### Exercise requirements
Copy down every line of the data that follows exactly. Omit the pictures.

### Data shown
■ ■ ■ ■ ■

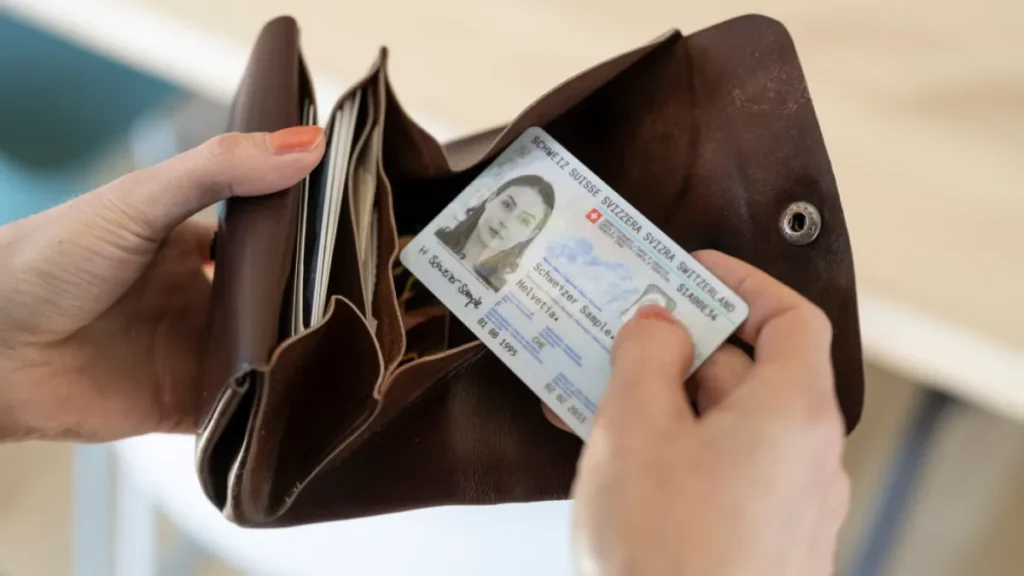 New Swiss ID Card 2026 - Biometric Identity Document with Window Lock.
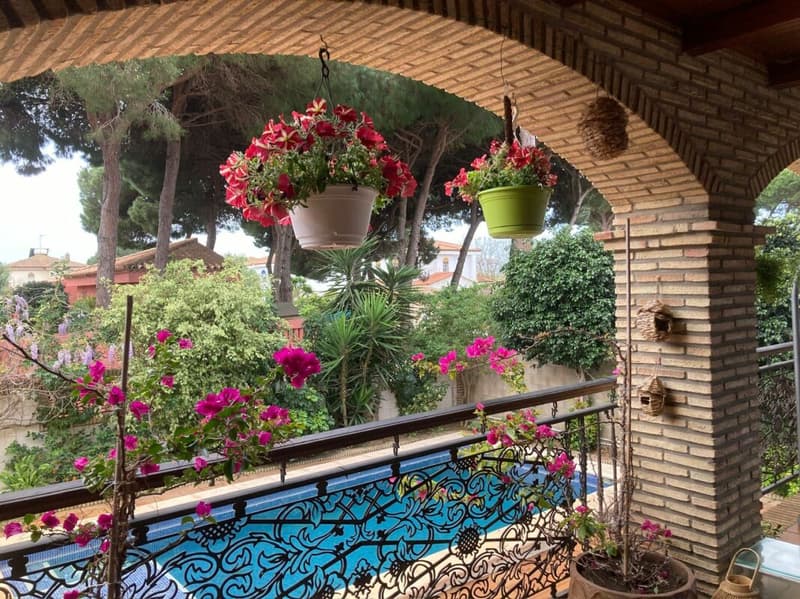 Exklusive und hochwertig renovierte Villa in begehrter Lage im Süden Spaniens (7)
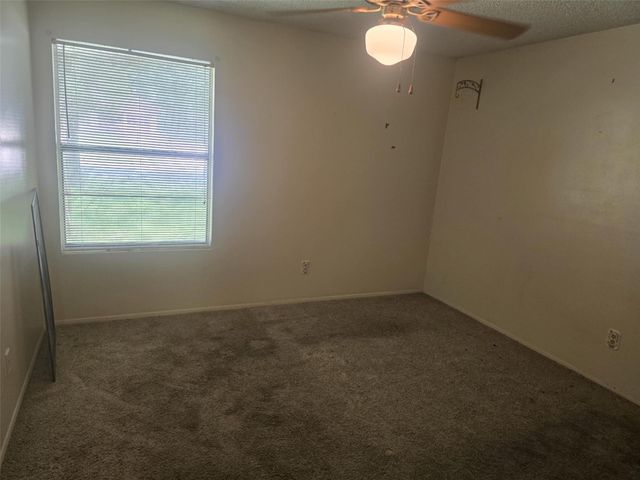 26401 Darkwood Court, Huntsville, TX 77320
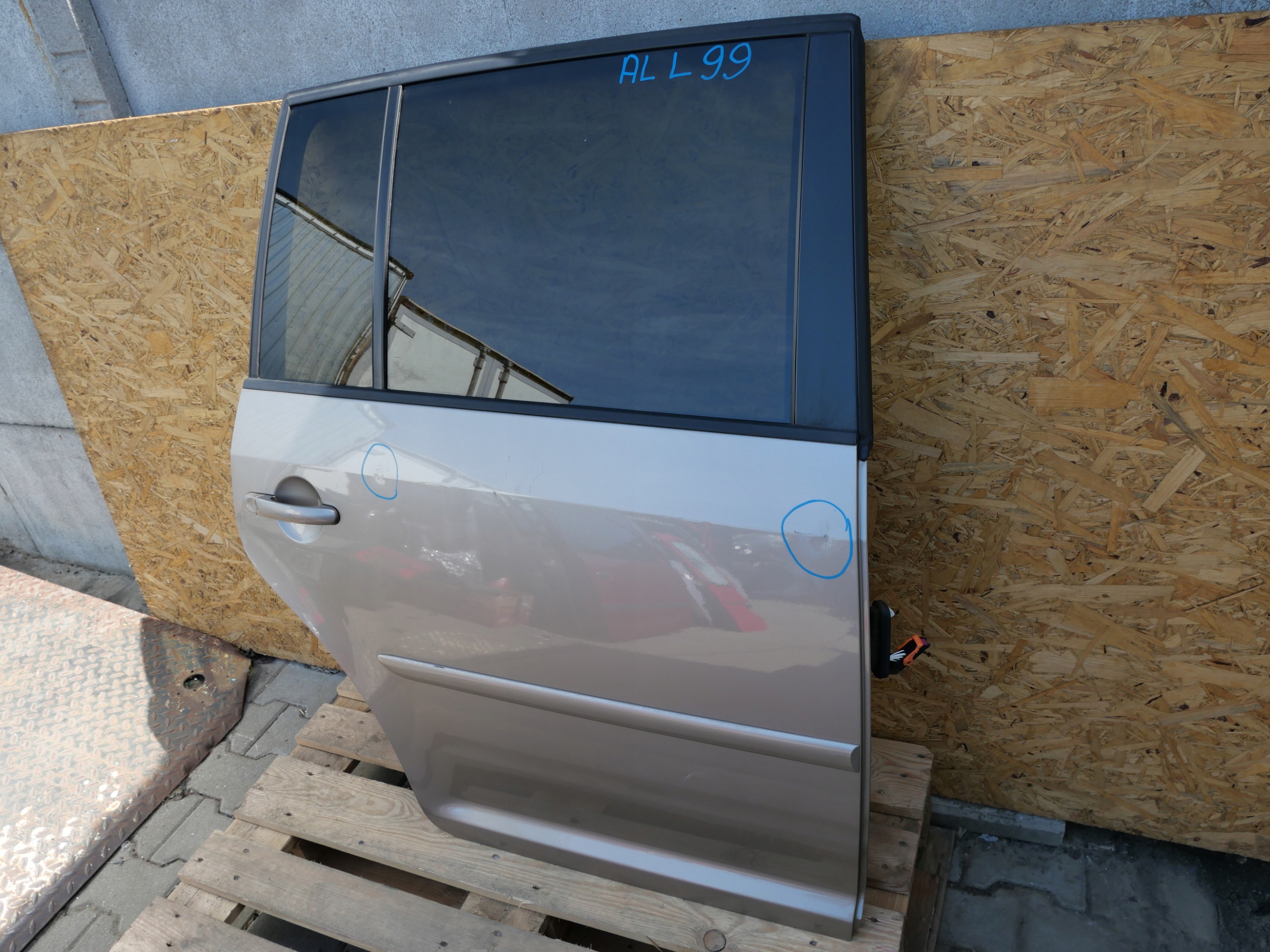 VW TOURAN LIFT heck rechts Tür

■ ■ ■ ■ ■

### Completed task
 New Swiss ID Card 2026 - Biometric Identity Document with Window Lock.
 Exklusive und hochwertig renovierte Villa in begehrter Lage im Süden Spaniens (7)
 26401 Darkwood Court, Huntsville, TX 77320
 VW TOURAN LIFT heck rechts Tür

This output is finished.